A thought is occurring right now. Something is aware of that thought. The thought is the object. Something is the subject. What is the subject?

Not another thought — that would produce an infinite regress. Not the brain — the brain is itself an object of awareness. Not the body — the body is largely unconscious while whatever is aware of thoughts is not.

The Kena Upanishad poses this directly: It is not known by those who know it. It is known by those who do not know it. Not a paradox for its own sake. A precise description of why the usual approach fails. The usual approach treats awareness as an object to be examined — looks at awareness from the outside. But awareness cannot be examined from outside because there is no outside. Everything that could be examining it is inside it.

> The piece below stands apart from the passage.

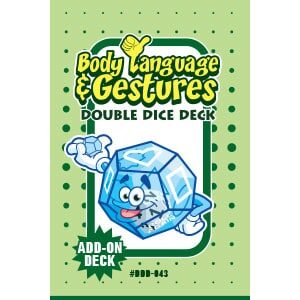Body Language & Gestures Double Dice Add-On Deck-0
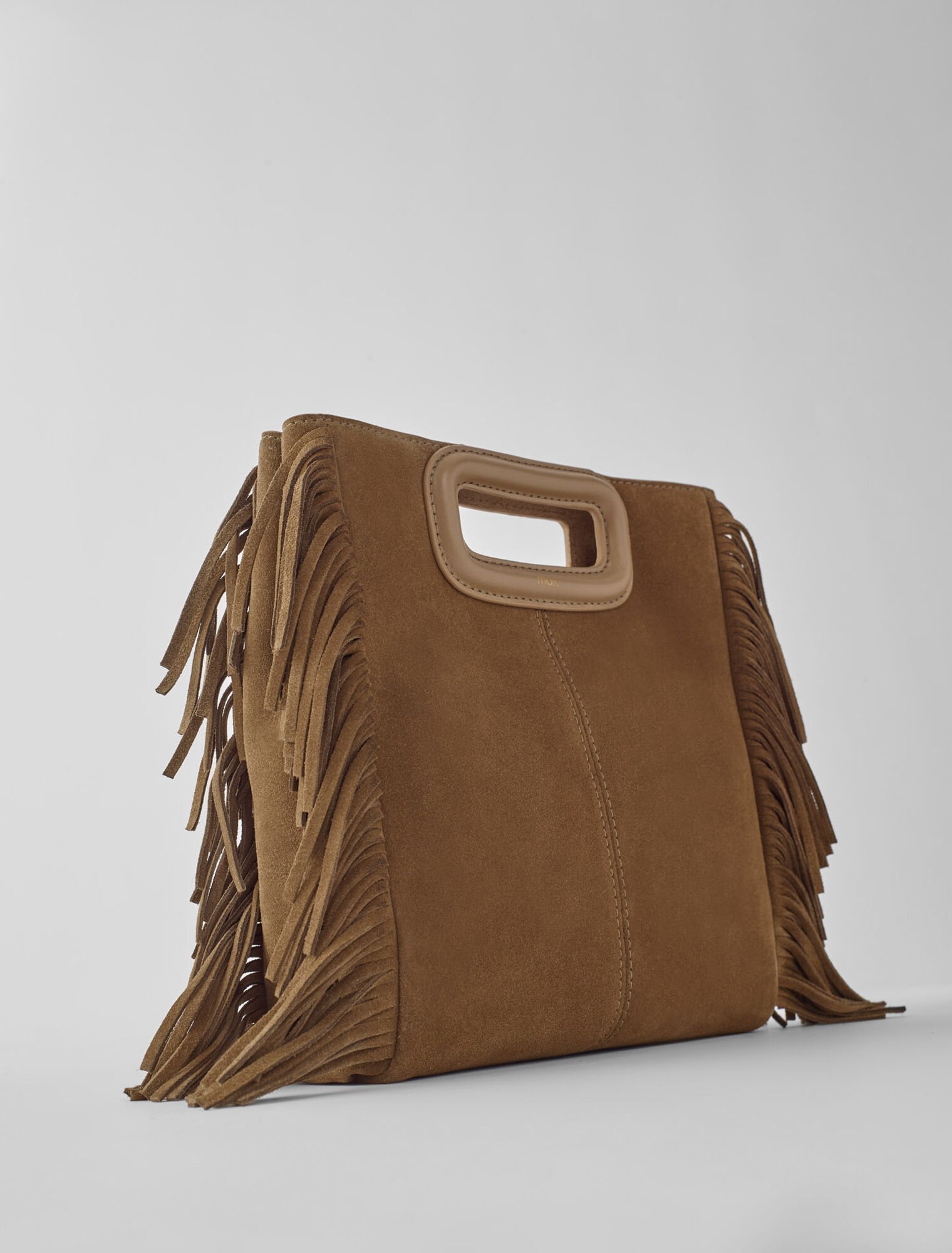 Borsa M in pelle scamosciata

Ramana Maharshi spent fifty years pointing at this from every available direction. His instruction was always the same: turn the attention around. Not outward toward objects. Toward the awareness itself. Not to find it as a thing. To notice that the looking is itself the awareness — and the awareness does not need to be found because it is what is already doing the finding. The recognition does not produce new experience. It produces the recognition of what has been present in every experience.

The investigation does not require sitting on a mountain. It requires exactly what you are doing right now: noticing that something is reading these words. Noticing that something is noticing. Staying with that noticing long enough for the difference between the content of awareness and the awareness itself to become apparent.

That difference is the beginning of everything the tradition has been pointing at.